Bayern: Auto in Münchner Menschengruppe gefahren. Video: CH Media Video Unit
Der Verdächtige
Bei dem Fahrer handelt es sich laut Polizei um einen 24 Jahre alten Asylbewerber aus Afghanistan. Der Mann sei gefasst worden, bei der Festnahme habe die Polizei auch geschossen. Der Fahrer sei bei der Festnahme «leicht verletzt» gewesen. Es handelte sich aber nicht um eine Schussverletzung, wie die Polizei weiter erklärte. Von ihm gehe derzeit keine weitere Gefahr aus, sagte ein Sprecher.

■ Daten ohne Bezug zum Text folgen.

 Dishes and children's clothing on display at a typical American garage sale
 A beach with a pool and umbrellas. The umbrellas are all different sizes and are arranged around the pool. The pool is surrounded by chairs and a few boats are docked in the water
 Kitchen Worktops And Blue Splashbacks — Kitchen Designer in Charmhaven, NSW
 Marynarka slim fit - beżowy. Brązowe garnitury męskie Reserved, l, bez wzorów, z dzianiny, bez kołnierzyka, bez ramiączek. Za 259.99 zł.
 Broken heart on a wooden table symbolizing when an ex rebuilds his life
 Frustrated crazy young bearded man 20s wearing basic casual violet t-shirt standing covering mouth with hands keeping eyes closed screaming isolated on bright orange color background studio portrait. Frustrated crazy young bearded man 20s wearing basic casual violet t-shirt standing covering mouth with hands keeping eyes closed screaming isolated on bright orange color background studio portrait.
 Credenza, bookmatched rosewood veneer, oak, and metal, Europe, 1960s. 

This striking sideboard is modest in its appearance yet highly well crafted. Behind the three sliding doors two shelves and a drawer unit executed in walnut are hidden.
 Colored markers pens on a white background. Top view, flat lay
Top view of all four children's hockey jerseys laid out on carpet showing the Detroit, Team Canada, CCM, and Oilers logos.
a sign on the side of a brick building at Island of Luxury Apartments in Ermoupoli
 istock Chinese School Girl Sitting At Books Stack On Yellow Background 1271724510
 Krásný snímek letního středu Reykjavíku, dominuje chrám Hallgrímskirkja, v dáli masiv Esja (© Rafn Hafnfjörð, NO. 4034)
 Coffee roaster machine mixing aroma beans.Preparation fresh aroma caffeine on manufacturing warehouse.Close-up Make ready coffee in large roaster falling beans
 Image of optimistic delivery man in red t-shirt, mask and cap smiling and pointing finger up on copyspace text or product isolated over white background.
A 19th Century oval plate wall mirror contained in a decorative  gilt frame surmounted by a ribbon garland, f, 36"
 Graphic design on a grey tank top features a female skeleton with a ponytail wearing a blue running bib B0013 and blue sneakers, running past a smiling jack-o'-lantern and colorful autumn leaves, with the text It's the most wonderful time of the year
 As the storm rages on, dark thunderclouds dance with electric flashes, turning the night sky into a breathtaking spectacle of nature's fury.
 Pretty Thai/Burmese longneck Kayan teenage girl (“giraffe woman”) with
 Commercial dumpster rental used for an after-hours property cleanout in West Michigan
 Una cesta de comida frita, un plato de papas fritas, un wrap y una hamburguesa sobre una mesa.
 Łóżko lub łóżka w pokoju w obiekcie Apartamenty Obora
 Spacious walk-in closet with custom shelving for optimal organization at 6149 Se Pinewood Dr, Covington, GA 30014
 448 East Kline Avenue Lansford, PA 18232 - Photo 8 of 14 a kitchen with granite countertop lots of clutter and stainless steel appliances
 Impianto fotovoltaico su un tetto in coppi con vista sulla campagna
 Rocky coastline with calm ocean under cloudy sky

Es gibt nach Polizeiangaben keine Hinweise auf weitere Beteiligte. Bayerns Innenminister Joachim Herrmann (CSU) erklärte, dass der Mann als Asylbewerber ins Land gekommen sei, sein Asylantrag aber «wohl» abgelehnt worden sei. Gleichzeitig sei festgestellt worden, «dass er eben im Moment nicht abgeschoben werden kann und er deshalb sich weiter in unserem Land aufhalten durfte», erklärte Herrmann.

Entgegen ersten Meldungen sei der Mann nicht in grössere Straftaten verwickelt gewesen, sagte Bayerns Ministerpräsident Markus Söder (CSU) am Abend im ZDF. Er fügte an: «Er war sogar Zeuge in Strafverfahren gegen andere.» Kleinere Verfahren gegen den Mann seien eingestellt worden.
Zuvor kursierte die Meldung, dass der Mann «mit Betäubungsmitteln und Ladendiebstählen aufgefallen» sei.
Der Tatverdächtige war nach dpa-Informationen bereits seit Herbst 2020 ausreisepflichtig. Ende 2016 war er als unbegleiteter Minderjähriger nach Deutschland gekommen. Zuvor soll er sich in Italien aufgehalten haben. Er hatte wenige Wochen nach seiner Ankunft einen Asylantrag gestellt, der im September 2017 abgelehnt worden war. Dagegen klagte der junge Mann - allerdings ohne Erfolg.
Er soll nun in einem Mehrfamilienhaus im Münchner Stadtteil Solln gewohnt haben, seine Wohnung wurde nach dpa-Informationen durchsucht. Die Polizei und die Generalstaatsanwaltschaft äusserten sich zunächst auf Anfrage nicht.
Die Verletzten
Mindestens 28 Menschen wurden nach Angaben der Polizei verletzt, einige von ihnen schwer. Nach ersten Angaben der Feuerwehr ist Lebensgefahr bei einigen Menschen nicht auszuschliessen. Der Münchner Oberbürgermeister Dieter Reiter (SPD) teilte mit, es seien auch Kinder unter den Verletzten.

Der Einsatzort
Der Stiglmaierplatz liegt in der Münchner Maxvorstadt. Auch einige Strassen vom Stiglmaierplatz entfernt standen am Vormittag mehrere Rettungswagen.
Das Motiv
Bundeskanzler Olaf Scholz (SPD) sprach von einem «furchtbaren Anschlag». Erste Hinweise auf ein islamistisches Tatmotiv gibt es in sozialen Netzwerken: Der Verdächtige soll vor der Tat einen mutmasslich islamistischen Post abgesetzt haben. Nach Informationen der Deutschen Presse-Agentur hat der Afghane einen entsprechenden Inhalt in sozialen Netzwerken geteilt. Der «Spiegel» hatte zuvor von mutmasslich islamistischen Beiträgen des Verdächtigen geschrieben.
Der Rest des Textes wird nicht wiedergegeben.